▶ **Activity**: Pictures in the records are to be excluded from an otherwise exact copy.

▶ **Exercise data**:
..........

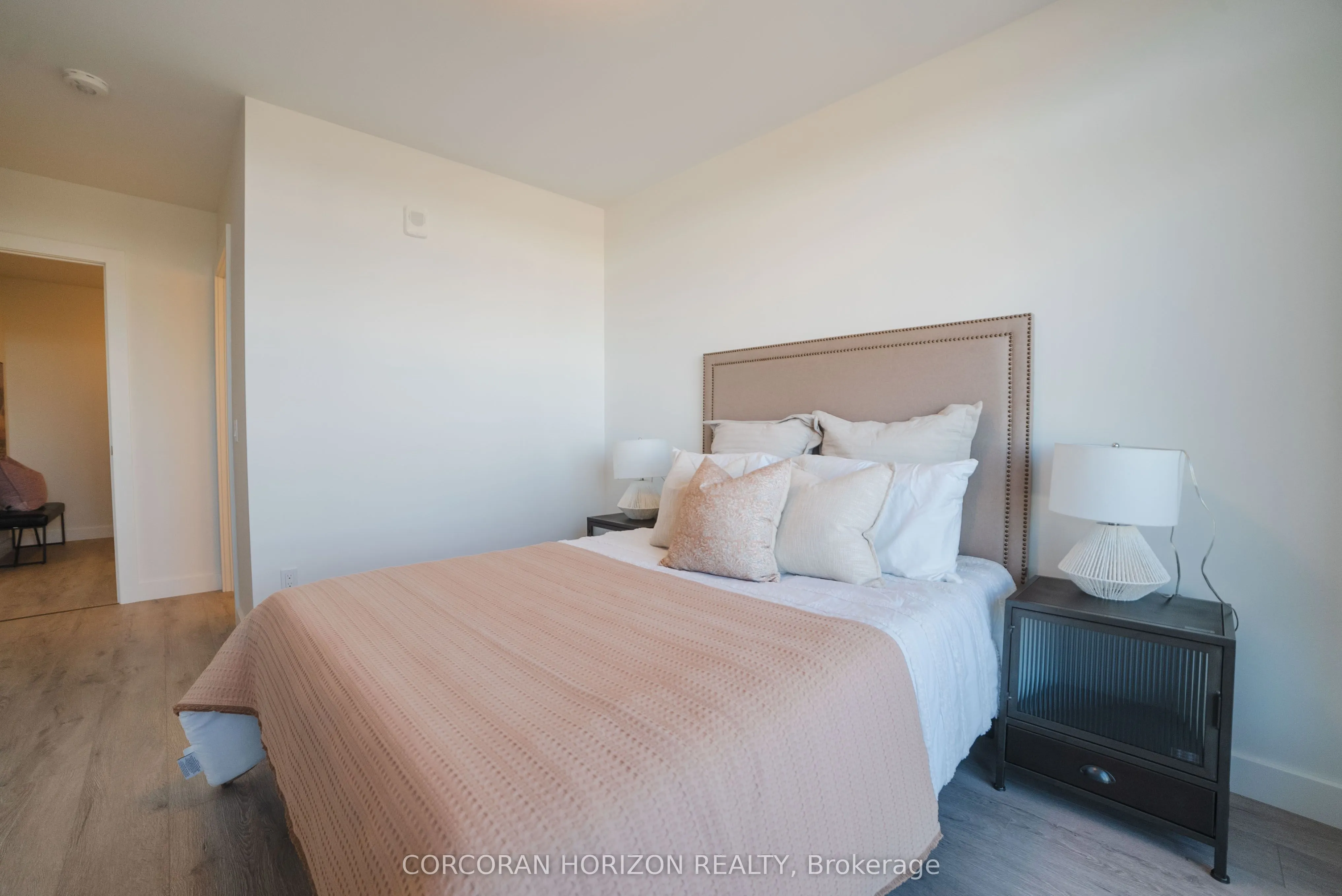 15 Glebe Street S #1701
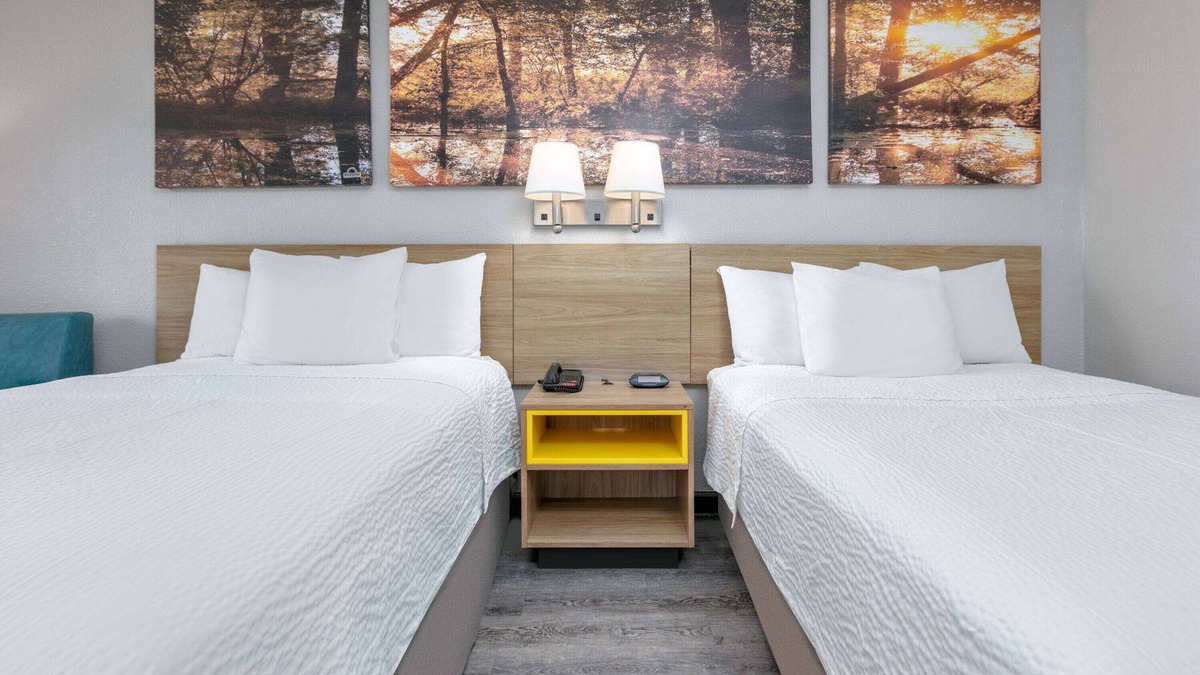 Greenville Hotel | Days Inn by Wyndham Greenville MS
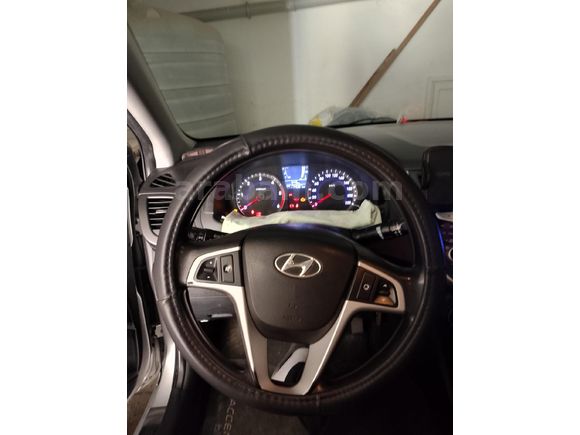 Sahibinden Hyundai Accent Blue 1.6 CRDI Mode 2011 Model
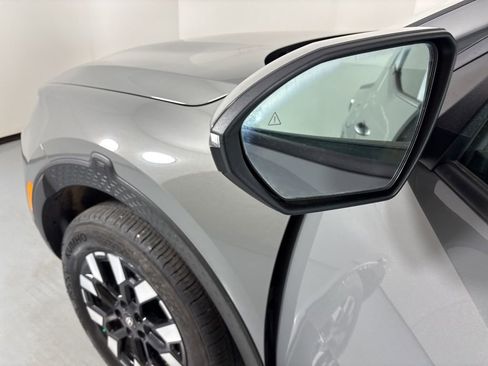 Used 2025 Hyundai Santa Cruz SEL image 14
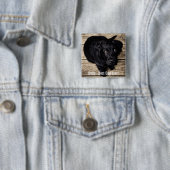 パーソナライズで黒い実験室犬の写真および犬の名前 缶バッジ (インサイチュ)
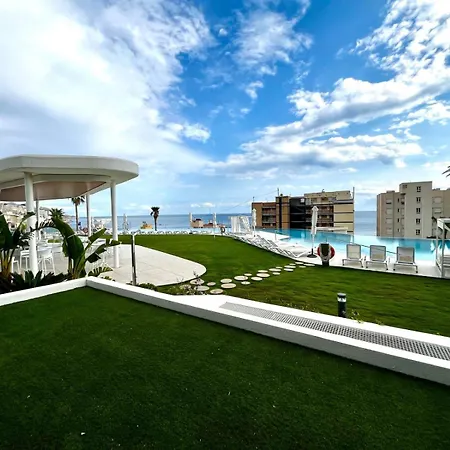 Mediterranean Sunset Cliffs Appartamento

..........

▶ **Answer**:
 15 Glebe Street S #1701
 Greenville Hotel | Days Inn by Wyndham Greenville MS
 Sahibinden Hyundai Accent Blue 1.6 CRDI Mode 2011 Model
 Used 2025 Hyundai Santa Cruz SEL image 14
 パーソナライズで黒い実験室犬の写真および犬の名前 缶バッジ (インサイチュ)
 Mediterranean Sunset Cliffs Appartamento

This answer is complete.